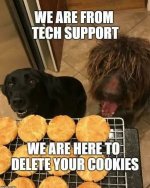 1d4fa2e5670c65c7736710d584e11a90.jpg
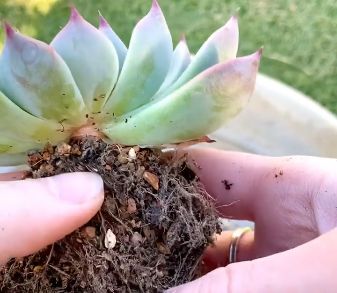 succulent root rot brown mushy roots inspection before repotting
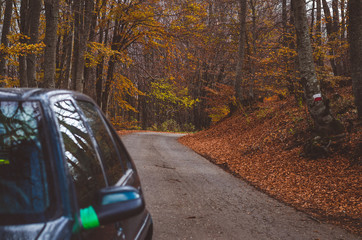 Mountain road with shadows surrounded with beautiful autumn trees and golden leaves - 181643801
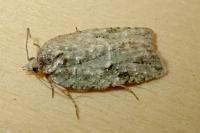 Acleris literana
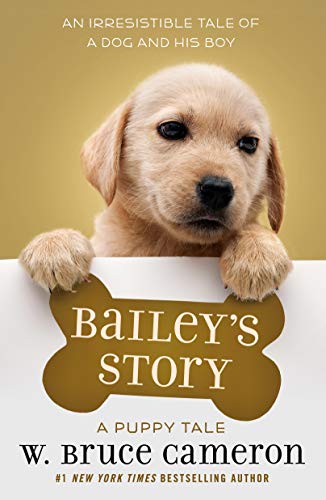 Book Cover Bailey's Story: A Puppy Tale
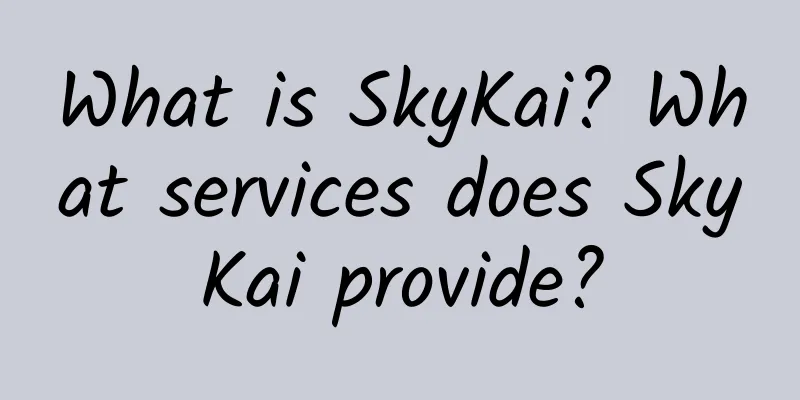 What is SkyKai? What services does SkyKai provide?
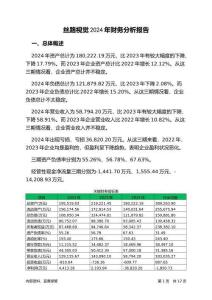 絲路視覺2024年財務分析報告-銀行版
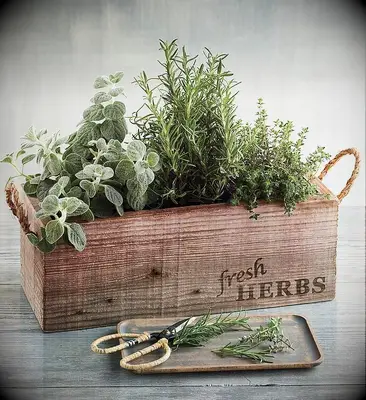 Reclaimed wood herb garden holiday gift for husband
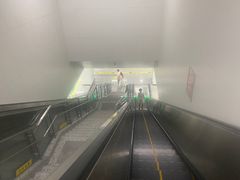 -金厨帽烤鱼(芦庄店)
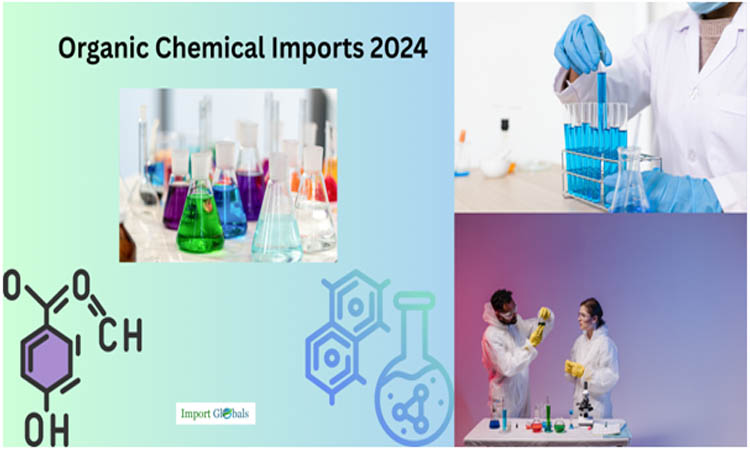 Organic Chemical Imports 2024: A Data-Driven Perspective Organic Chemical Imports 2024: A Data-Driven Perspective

**AIM OF THE TASK:** Without including any pictures, print each record exactly.

**COMPLETED TASK:**
 1d4fa2e5670c65c7736710d584e11a90.jpg
 succulent root rot brown mushy roots inspection before repotting
 Mountain road with shadows surrounded with beautiful autumn trees and golden leaves - 181643801
 Acleris literana
 Book Cover Bailey's Story: A Puppy Tale
 What is SkyKai? What services does SkyKai provide?
 絲路視覺2024年財務分析報告-銀行版
 Reclaimed wood herb garden holiday gift for husband
 -金厨帽烤鱼(芦庄店)
 Organic Chemical Imports 2024: A Data-Driven Perspective Organic Chemical Imports 2024: A Data-Driven Perspective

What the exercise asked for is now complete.